The opposite cannot be declared, however, when no statistically significant difference is observed. One can only reject the null hypothesis or show that the groups are different using the common t-test. This is inconvenient when the goal is to show comparability between two or more groups.

An approach widely used in clinical trial statistics and which is gaining popularity in pharmaceutical and biotech settings, the TOST is a method for declaring the comparability of equivalence that is built around comparing two or more group means and their respective mean difference confidence intervals against predetermined equivalence limits. If the difference between the confidence intervals is within a predefined equivalence limit, then the true difference will be within the limit as well, thus making it possible to claim equivalency between two data sets. The key goal for the cleanability assessment is to compare the cleanability of the two products by an equivalency test.

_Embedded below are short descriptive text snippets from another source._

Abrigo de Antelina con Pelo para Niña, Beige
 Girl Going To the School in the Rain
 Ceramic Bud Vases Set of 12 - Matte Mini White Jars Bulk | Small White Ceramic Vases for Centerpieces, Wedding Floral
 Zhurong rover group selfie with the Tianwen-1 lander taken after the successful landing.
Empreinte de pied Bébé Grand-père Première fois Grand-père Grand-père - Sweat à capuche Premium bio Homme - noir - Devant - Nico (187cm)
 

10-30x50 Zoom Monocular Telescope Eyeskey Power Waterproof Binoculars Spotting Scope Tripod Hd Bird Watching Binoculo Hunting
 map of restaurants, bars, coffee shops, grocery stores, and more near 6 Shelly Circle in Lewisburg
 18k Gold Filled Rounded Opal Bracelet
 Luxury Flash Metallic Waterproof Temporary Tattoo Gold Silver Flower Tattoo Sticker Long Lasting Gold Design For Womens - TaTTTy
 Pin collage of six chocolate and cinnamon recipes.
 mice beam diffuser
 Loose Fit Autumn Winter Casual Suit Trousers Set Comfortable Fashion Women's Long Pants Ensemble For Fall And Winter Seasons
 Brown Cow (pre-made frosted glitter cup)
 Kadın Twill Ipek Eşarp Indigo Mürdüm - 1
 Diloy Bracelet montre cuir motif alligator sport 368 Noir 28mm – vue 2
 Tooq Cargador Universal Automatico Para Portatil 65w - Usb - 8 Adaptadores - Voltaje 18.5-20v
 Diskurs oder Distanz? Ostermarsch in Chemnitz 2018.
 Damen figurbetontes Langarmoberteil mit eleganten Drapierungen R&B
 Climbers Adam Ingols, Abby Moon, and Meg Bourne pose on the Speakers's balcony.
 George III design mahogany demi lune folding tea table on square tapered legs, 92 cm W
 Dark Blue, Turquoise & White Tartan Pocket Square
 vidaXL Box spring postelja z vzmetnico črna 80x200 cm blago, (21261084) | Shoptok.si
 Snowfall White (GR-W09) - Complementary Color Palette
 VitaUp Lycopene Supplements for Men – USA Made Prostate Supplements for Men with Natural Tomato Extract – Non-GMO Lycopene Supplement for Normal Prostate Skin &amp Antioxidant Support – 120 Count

Experimental data generated during a cleaning characterization study using the bench-scale model showed that some inherent variability exists because of the nature of the cleaning process. In addition, analyst and experimental error contribute to further variability. To adequately establish the predefined equivalence limit, each component contributing to variability should be considered. If the equivalence limit is set too wide, the resolution of the method may be reduced because it would be more difficult to distinguish between two products. If the equivalence limit is to set too narrow, the results may not be accurate in assessing whether two products are truly equivalent. For the scale-down cleaning model, an evaluation of the different components of experimental variability showed that two times the upper 95% confidence limit of the standard deviation estimate of a controlled data set is adequate to differentiate between the cleanability of two products. Variability in the controlled dataset is one of many potential equivalence limit justifications. Often, when specification or acceptance criteria are available, maximum differences that ensure the capability of meeting these criteria maybe used as equivalence limits.